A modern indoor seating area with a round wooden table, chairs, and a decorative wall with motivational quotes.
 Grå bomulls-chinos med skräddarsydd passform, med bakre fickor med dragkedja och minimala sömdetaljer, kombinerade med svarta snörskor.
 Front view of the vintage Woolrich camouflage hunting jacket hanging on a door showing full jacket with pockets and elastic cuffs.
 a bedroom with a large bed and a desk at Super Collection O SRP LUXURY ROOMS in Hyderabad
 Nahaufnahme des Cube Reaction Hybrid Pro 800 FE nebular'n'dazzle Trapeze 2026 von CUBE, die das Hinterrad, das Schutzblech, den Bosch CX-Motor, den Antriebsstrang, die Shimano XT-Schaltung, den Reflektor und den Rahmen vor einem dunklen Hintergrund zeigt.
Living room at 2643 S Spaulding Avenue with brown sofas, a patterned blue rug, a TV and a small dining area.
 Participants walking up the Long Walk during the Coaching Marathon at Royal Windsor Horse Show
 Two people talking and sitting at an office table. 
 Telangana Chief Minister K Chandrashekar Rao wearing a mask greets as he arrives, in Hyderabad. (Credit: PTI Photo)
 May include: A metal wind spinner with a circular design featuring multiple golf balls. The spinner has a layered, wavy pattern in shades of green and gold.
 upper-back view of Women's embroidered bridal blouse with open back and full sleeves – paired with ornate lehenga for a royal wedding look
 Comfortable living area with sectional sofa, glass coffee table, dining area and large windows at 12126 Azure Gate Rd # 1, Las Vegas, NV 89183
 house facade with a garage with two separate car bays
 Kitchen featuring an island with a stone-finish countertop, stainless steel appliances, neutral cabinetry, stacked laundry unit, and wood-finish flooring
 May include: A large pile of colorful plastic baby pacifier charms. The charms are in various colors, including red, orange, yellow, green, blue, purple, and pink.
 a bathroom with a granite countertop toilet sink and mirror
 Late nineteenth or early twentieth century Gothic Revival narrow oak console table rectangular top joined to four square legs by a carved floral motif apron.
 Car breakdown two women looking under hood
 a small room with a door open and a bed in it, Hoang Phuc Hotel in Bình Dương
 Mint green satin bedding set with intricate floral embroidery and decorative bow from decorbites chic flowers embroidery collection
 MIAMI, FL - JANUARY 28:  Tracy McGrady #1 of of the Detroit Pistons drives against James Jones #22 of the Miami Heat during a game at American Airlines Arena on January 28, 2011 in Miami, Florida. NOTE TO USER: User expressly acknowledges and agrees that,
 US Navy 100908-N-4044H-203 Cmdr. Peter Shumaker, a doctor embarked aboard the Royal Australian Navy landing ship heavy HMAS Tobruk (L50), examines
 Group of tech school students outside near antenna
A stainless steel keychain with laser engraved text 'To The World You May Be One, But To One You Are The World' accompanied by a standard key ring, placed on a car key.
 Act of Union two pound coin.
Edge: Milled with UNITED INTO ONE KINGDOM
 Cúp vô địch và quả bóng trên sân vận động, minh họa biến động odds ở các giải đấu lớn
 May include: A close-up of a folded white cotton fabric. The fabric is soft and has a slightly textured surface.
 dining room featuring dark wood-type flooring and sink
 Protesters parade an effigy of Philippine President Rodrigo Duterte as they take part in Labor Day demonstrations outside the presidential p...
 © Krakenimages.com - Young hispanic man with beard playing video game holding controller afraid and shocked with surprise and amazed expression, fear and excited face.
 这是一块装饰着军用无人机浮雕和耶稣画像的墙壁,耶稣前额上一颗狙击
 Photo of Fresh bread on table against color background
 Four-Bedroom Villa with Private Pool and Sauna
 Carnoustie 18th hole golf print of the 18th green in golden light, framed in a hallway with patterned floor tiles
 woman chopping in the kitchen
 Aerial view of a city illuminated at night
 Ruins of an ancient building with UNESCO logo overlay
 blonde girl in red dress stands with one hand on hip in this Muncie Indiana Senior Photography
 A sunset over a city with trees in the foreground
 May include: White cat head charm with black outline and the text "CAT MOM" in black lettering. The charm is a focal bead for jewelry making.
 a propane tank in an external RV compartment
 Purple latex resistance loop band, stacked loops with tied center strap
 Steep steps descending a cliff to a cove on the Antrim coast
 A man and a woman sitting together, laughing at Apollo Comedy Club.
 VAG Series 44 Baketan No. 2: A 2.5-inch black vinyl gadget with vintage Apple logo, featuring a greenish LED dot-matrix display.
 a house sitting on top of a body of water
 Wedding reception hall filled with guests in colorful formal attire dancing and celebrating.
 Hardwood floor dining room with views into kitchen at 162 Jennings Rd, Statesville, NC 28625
_ _ _ _
**Work to be completed**
Can you quote exactly the lines from the one containing "a propane tank in an external RV compartment" through the last line of the records above, and nothing else?

**Result**
 a propane tank in an external RV compartment
 Purple latex resistance loop band, stacked loops with tied center strap
 Steep steps descending a cliff to a cove on the Antrim coast
 A man and a woman sitting together, laughing at Apollo Comedy Club.
 VAG Series 44 Baketan No. 2: A 2.5-inch black vinyl gadget with vintage Apple logo, featuring a greenish LED dot-matrix display.
 a house sitting on top of a body of water
 Wedding reception hall filled with guests in colorful formal attire dancing and celebrating.
 Hardwood floor dining room with views into kitchen at 162 Jennings Rd, Statesville, NC 28625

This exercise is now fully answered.